Short text fragments from websites:
□ □ □ □

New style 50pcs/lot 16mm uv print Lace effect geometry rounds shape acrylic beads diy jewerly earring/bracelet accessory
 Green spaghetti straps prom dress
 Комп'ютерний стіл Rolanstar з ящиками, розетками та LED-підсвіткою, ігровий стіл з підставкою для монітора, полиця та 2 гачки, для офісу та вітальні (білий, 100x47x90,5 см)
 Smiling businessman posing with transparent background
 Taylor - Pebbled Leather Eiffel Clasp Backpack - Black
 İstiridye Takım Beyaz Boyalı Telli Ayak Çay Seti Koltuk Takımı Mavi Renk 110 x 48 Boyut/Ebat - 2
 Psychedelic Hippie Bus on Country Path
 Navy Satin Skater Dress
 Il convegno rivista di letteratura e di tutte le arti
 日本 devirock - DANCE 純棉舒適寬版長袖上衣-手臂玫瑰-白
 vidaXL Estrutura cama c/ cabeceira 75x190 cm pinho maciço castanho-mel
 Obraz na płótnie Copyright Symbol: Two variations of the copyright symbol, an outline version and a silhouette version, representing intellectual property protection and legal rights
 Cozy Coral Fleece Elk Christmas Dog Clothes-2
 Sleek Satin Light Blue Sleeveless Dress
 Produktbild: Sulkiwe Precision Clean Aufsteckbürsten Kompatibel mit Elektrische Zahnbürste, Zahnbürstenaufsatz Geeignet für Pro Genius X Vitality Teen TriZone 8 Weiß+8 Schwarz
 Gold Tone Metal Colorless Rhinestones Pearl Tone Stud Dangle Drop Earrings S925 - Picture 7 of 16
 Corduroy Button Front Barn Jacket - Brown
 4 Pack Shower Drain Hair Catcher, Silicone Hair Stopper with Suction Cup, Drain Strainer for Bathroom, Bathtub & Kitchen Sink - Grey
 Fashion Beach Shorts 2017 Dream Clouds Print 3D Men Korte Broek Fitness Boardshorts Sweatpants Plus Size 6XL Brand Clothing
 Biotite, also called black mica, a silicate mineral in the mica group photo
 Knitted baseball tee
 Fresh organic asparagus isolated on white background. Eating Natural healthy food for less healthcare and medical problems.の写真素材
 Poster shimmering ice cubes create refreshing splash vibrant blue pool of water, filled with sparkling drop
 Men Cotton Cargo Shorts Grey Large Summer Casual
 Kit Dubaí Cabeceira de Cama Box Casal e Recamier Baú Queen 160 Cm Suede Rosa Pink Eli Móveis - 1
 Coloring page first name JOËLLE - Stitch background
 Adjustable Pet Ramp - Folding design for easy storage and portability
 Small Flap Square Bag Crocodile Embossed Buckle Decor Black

□ □ □ □

ACTION ITEM: Transcribe verbatim. Cover the lines from the first line of the entries above to the line containing "Produktbild: Sulkiwe Precision", inclusive.

RESPONSE TO THE TASK:
New style 50pcs/lot 16mm uv print Lace effect geometry rounds shape acrylic beads diy jewerly earring/bracelet accessory
 Green spaghetti straps prom dress
 Комп'ютерний стіл Rolanstar з ящиками, розетками та LED-підсвіткою, ігровий стіл з підставкою для монітора, полиця та 2 гачки, для офісу та вітальні (білий, 100x47x90,5 см)
 Smiling businessman posing with transparent background
 Taylor - Pebbled Leather Eiffel Clasp Backpack - Black
 İstiridye Takım Beyaz Boyalı Telli Ayak Çay Seti Koltuk Takımı Mavi Renk 110 x 48 Boyut/Ebat - 2
 Psychedelic Hippie Bus on Country Path
 Navy Satin Skater Dress
 Il convegno rivista di letteratura e di tutte le arti
 日本 devirock - DANCE 純棉舒適寬版長袖上衣-手臂玫瑰-白
 vidaXL Estrutura cama c/ cabeceira 75x190 cm pinho maciço castanho-mel
 Obraz na płótnie Copyright Symbol: Two variations of the copyright symbol, an outline version and a silhouette version, representing intellectual property protection and legal rights
 Cozy Coral Fleece Elk Christmas Dog Clothes-2
 Sleek Satin Light Blue Sleeveless Dress
 Produktbild: Sulkiwe Precision Clean Aufsteckbürsten Kompatibel mit Elektrische Zahnbürste, Zahnbürstenaufsatz Geeignet für Pro Genius X Vitality Teen TriZone 8 Weiß+8 Schwarz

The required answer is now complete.